Z całym szacunkiem, ale ten biały Ultra Boost, który trafia właśnie do sprzedaży, to nie jest ten biały adidas Ultra Boost, którego oczekiwaliśmy.
Po pierwsze i tak wygląda świetnie, ale po drugie i w tym momencie dla mnie ważniejsze, cała seria z falami na adidas Ultra Boost, jest dla mnie mocno przeciętna. Nie podobają mi się kompletni te przejścia, nie podoba mi się to w porównaniu do wersji oryginalnej, gdzie odcinanie się koloru nie było tak … nazwijmy to wprost – słabe.

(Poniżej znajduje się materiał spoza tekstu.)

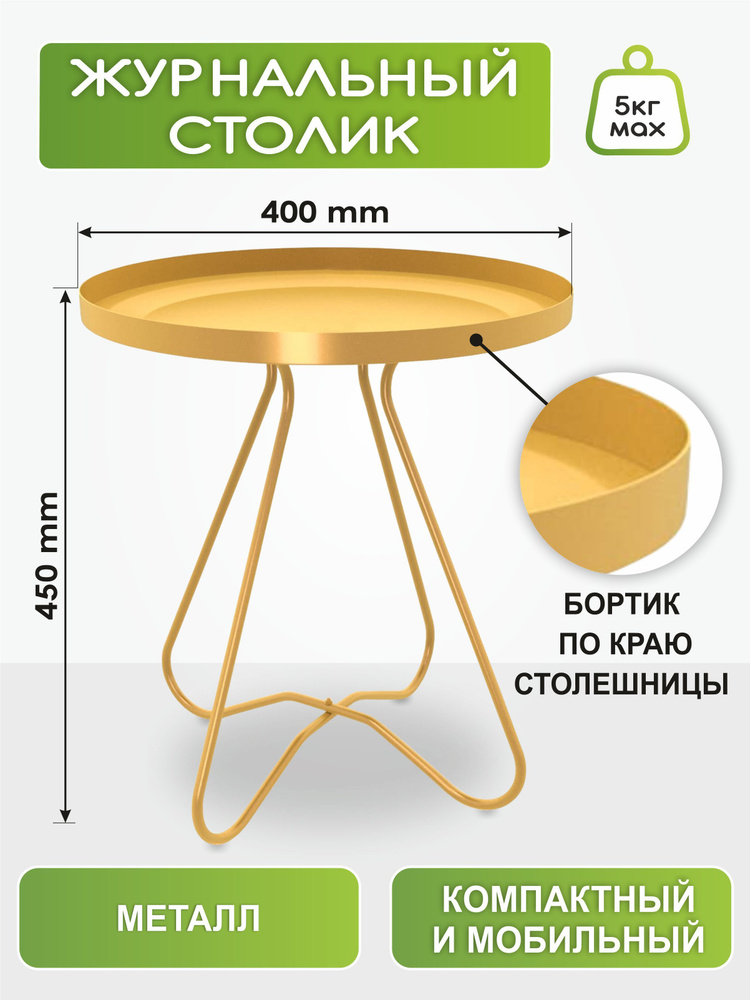 Сервировочный столик со съемным подносом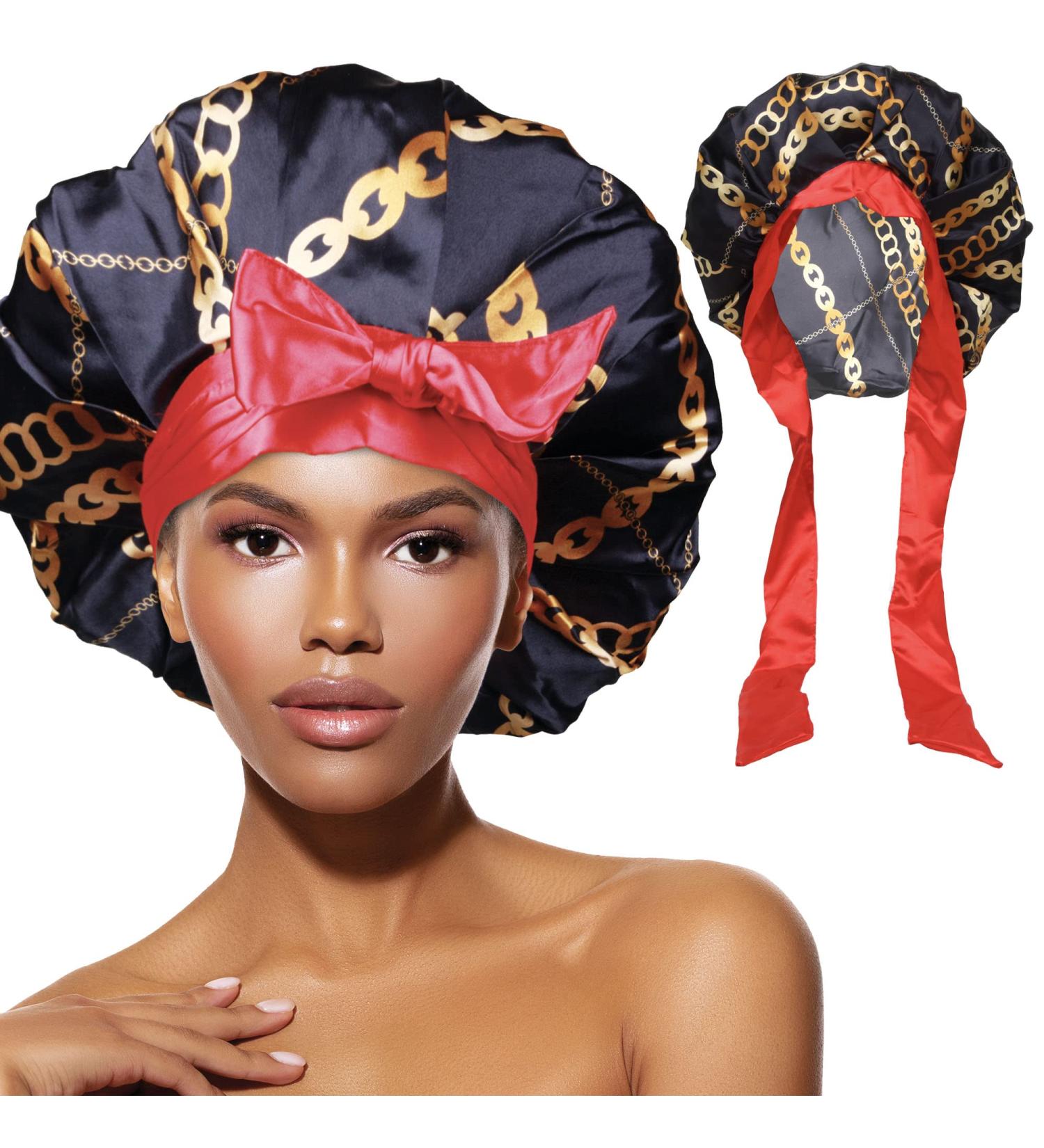 Large Extra Large Adjustable Tie Satin Bonnet Sleep Cap with Headband - Chain Pattern Multicolor - Buy Online on GoSupps.com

Ten biały UB, to oczywiście nie J&D, ale … ja oczekiwałem CAŁEGO białego. Nie białego z kilkoma odcieniami bieli. Poważnie. Nie zmienia to faktu, że i tak będę starał się zająć nimi miejsce w szafie, bo przecież jak ominąć ten hajp?
Ah, no tak. Da się. 😉 Ja tego jednak nie chcę zrobić, bo żal mi J&D, więc wolę tyrać białą podeszwę w UB w nieco bardziej standardowej wersji.
Cena? 180 dolara. Nie jest tanio.
A najlepsze i tak są moje Darth Vader, tutaj w otoczeniu majówkowego zajęcia.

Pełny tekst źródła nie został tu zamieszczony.